I ended up writing the following script docker_update.sh <service_name>, which seems to work very decently. It relies on healthcheck command, which is not mandatory (change -f "health=healthy" accordingly) but cleaner IMHO than waiting for container to simply being up, when it takes a little time to boot (which will be the case if you run eg. npm install && npm start as a command).

#!/bin/bash

cd "$(dirname "$0")/.."

SERVICE_NAME=${1?"Usage: docker_update <SERVICE_NAME>"}

echo "[INIT] Updating docker service $SERVICE_NAME"

OLD_CONTAINER_ID=$(docker ps --format "table {{.ID}}  {{.Names}}  {{.CreatedAt}}" | grep $SERVICE_NAME | tail -n 1 | awk -F  "  " '{print $1}')
OLD_CONTAINER_NAME=$(docker ps --format "table {{.ID}}  {{.Names}}  {{.CreatedAt}}" | grep $SERVICE_NAME | tail -n 1 | awk -F  "  " '{print $2}')

echo "[INIT] Scaling $SERVICE_NAME up"
docker-compose up -d --no-deps --scale $SERVICE_NAME=2 --no-recreate $SERVICE_NAME

NEW_CONTAINER_ID=$(docker ps --filter="since=$OLD_CONTAINER_NAME" --format "table {{.ID}}  {{.Names}}  {{.CreatedAt}}" | grep $SERVICE_NAME | tail -n 1 | awk -F  "  " '{print $1}')
NEW_CONTAINER_NAME=$(docker ps --filter="since=$OLD_CONTAINER_NAME" --format "table {{.ID}}  {{.Names}}  {{.CreatedAt}}" | grep $SERVICE_NAME | tail -n 1 | awk -F  "  " '{print $2}')
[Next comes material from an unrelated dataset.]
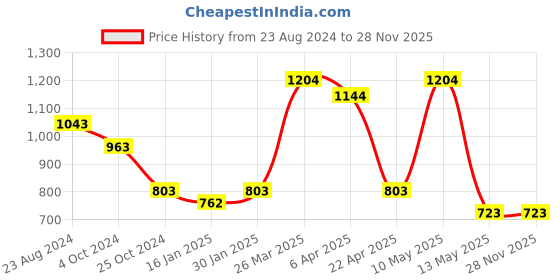 tatacliq.com Taraash 92.5 Sterling Silver Heart Pendant without Chain for Women taraash Price History Graph from 23 Aug 2024 to 27 Nov 2025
until [[ $(docker ps -a -f "id=$NEW_CONTAINER_ID" -f "health=healthy" -q) ]]; do
  echo -ne "\r[WAIT] New instance $NEW_CONTAINER_NAME is not healthy yet ...";
  sleep 1
done
echo ""
echo "[DONE] $NEW_CONTAINER_NAME is ready!"
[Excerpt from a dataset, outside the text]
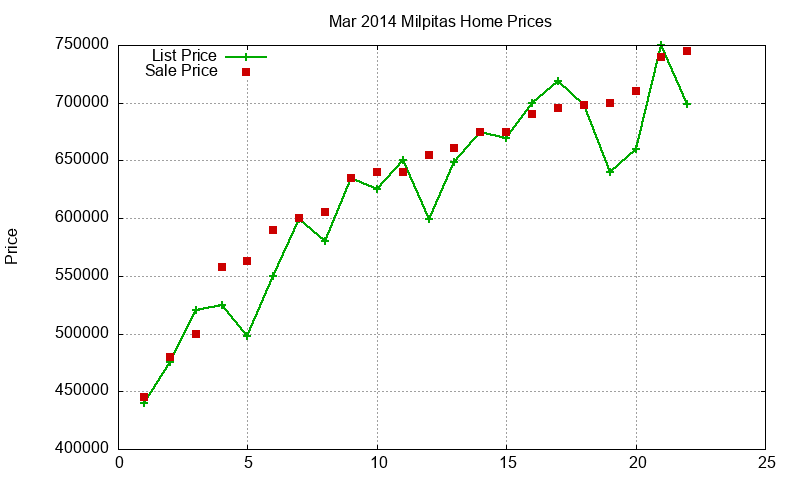 Milpitas Homes Just Sold 2014-03 Milpitas Homes Just Sold 2014-03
echo "[DONE] Restarting nginx..."
docker-compose restart nginx

echo -n "[INIT] Killing $OLD_CONTAINER_NAME: "
docker stop $OLD_CONTAINER_ID
until [[ $(docker ps -a -f "id=$OLD_CONTAINER_ID" -f "status=exited" -q) ]]; do
  echo -ne "\r[WAIT] $OLD_CONTAINER_NAME is getting killed ..."
  sleep 1
done
echo ""
echo "[DONE] $OLD_CONTAINER_NAME was stopped."
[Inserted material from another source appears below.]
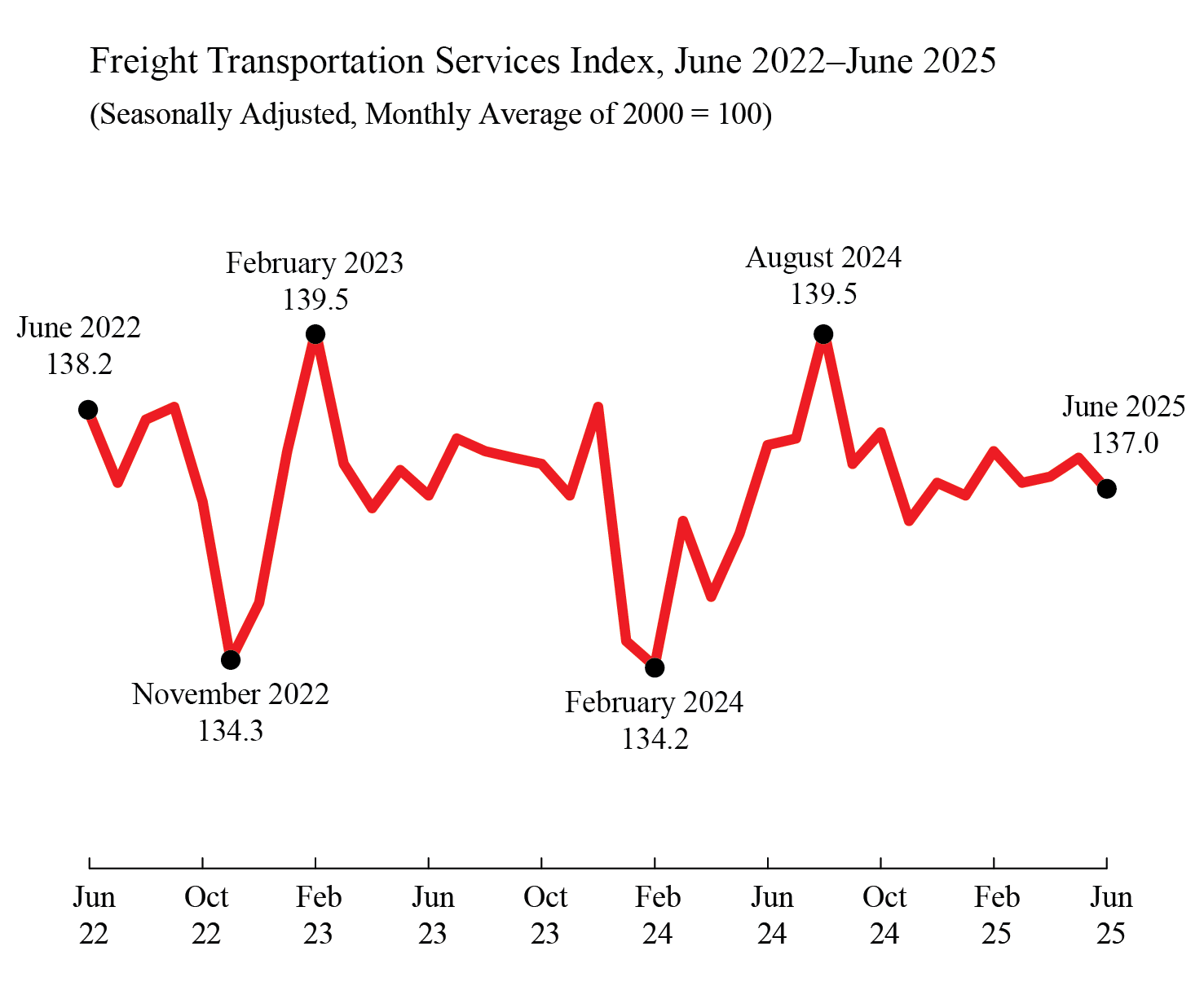 Line chart showing Freight transportation Services Index in June 2022 through June 2025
echo -n "[DONE] Removing $OLD_CONTAINER_NAME: "
docker rm -f $OLD_CONTAINER_ID
echo "[DONE] Scaling down"
docker-compose up -d --no-deps --scale $SERVICE_NAME=1 --no-recreate $SERVICE_NAME

And here's my docker-compose.yml:

  app:
    build: .
    command: /app/server.sh
    healthcheck:
      test: curl -sS http://127.0.0.1:4000 || exit 1
      interval: 5s
      timeout: 3s
      retries: 3
      start_period: 30s
    volumes:
      - ..:/app
    working_dir: /app
  nginx:
    depends_on:
      - app
    image: nginx:latest
    ports:
      - "80:80"
    volumes:
      - "../nginx:/etc/nginx/conf.d"
      - "/var/log/nginx:/var/log/nginx"

And my nginx.conf:

upstream project_app {
  server app:4000;
}

server {
  listen 80;
  server_name example.com;

  location / {
    proxy_pass http://project_app;
  }
}

Hope it can be useful to some. I wish it would be integrated into docker-compose by default.

[iamareebjamal]

Thanks a lot, but since you have bound app port to static 4000, it means only 1 container, new or old can bind to it, hence new and old containers can't run simultaneously. I need to test it once since I may be wrong

[decentral1se]

How to manage releases, particularly when deploying through the Docker Hub (e.g. in development build images, in production use image from Hub)

This is one of the main focus of https://github.com/docker/app, and considering how long this issue has been opened without any concrete answer, I think it's better to just close it.

App is gone docker/roadmap#209. Still wondering if we'll ever have zero downtime deploys in compose? Especially since the future of swarm is very unclear still docker/roadmap#175.

[nilansaha]

would

When the old container is killed, there is a considerable downtime before nginx is reloaded again. Not sure if this have changed now but trying many times, always the case. Unreachable when the old container is killed and gets back up after a while.